#### [Work to complete]
A word-for-word retyping of the listing below is required, with the pictures dropped.

#### [Information supplied]
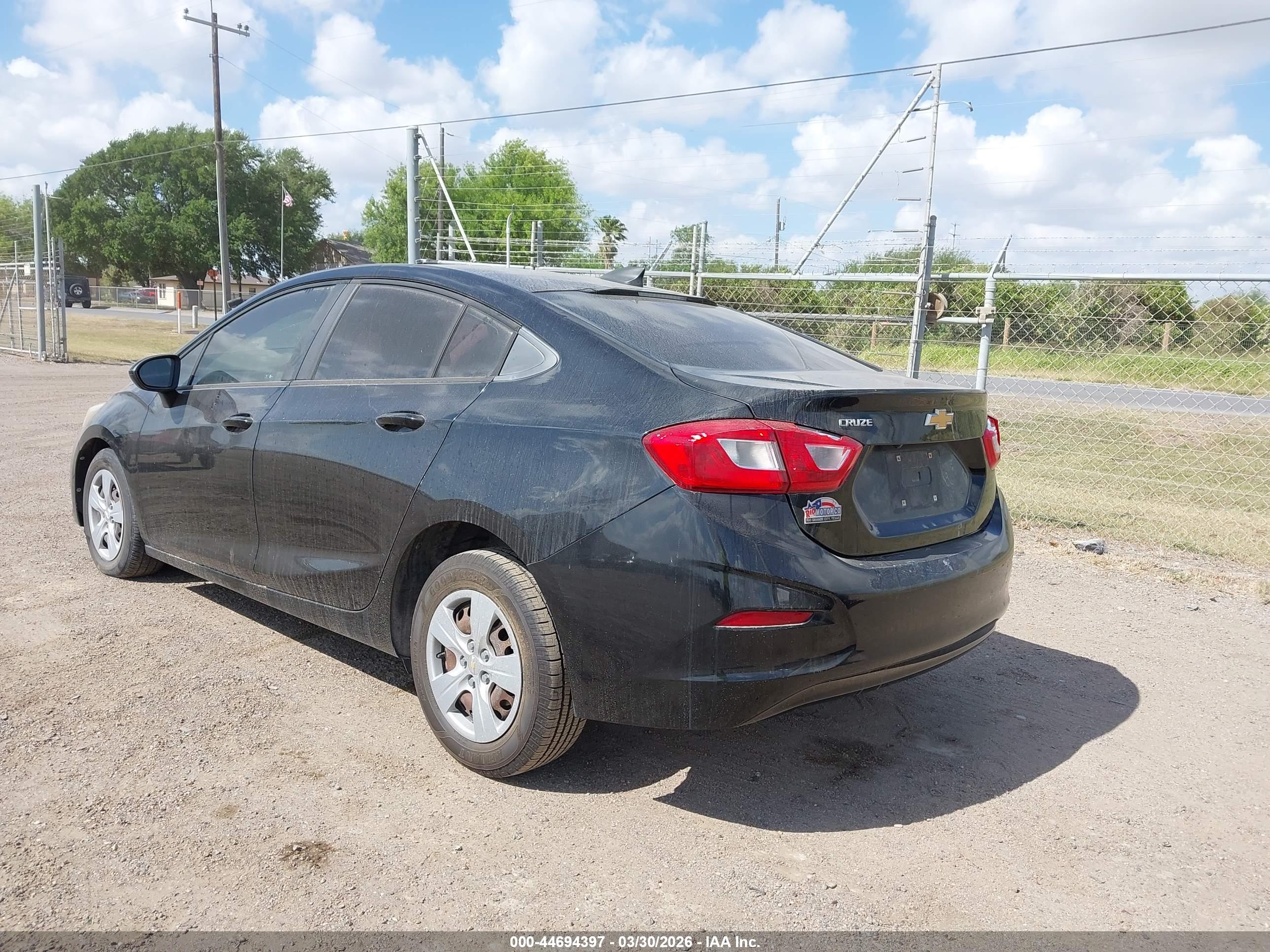 CHEVROLET CRUZE image 3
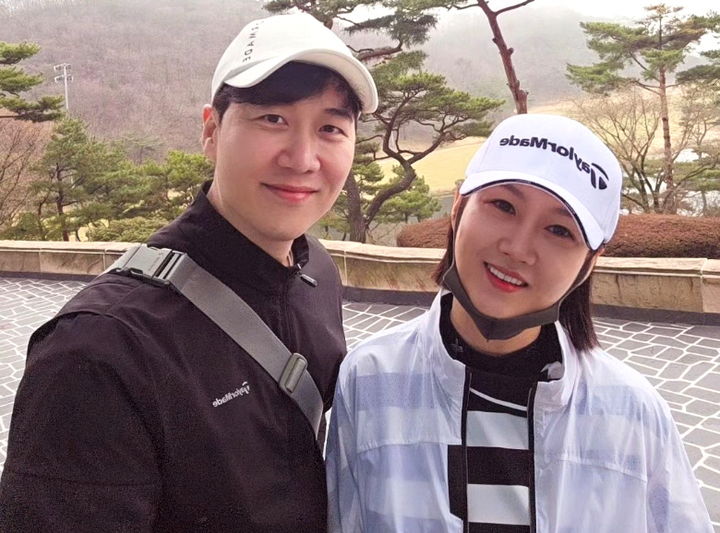 [서울=뉴시스] 방송인 도경완(42)이 아내인 트로트 가수 장윤정(44)과 함께 새 유튜브 콘텐츠를 선보인다. (사진=인스타그램) *재판매 및 DB 금지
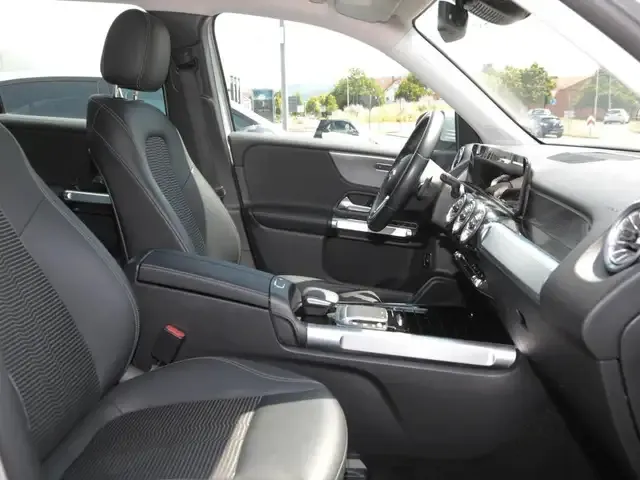 Mercedes-Benz EQB 250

#### [Solution to this problem]
 CHEVROLET CRUZE image 3
 [서울=뉴시스] 방송인 도경완(42)이 아내인 트로트 가수 장윤정(44)과 함께 새 유튜브 콘텐츠를 선보인다. (사진=인스타그램) *재판매 및 DB 금지
 Mercedes-Benz EQB 250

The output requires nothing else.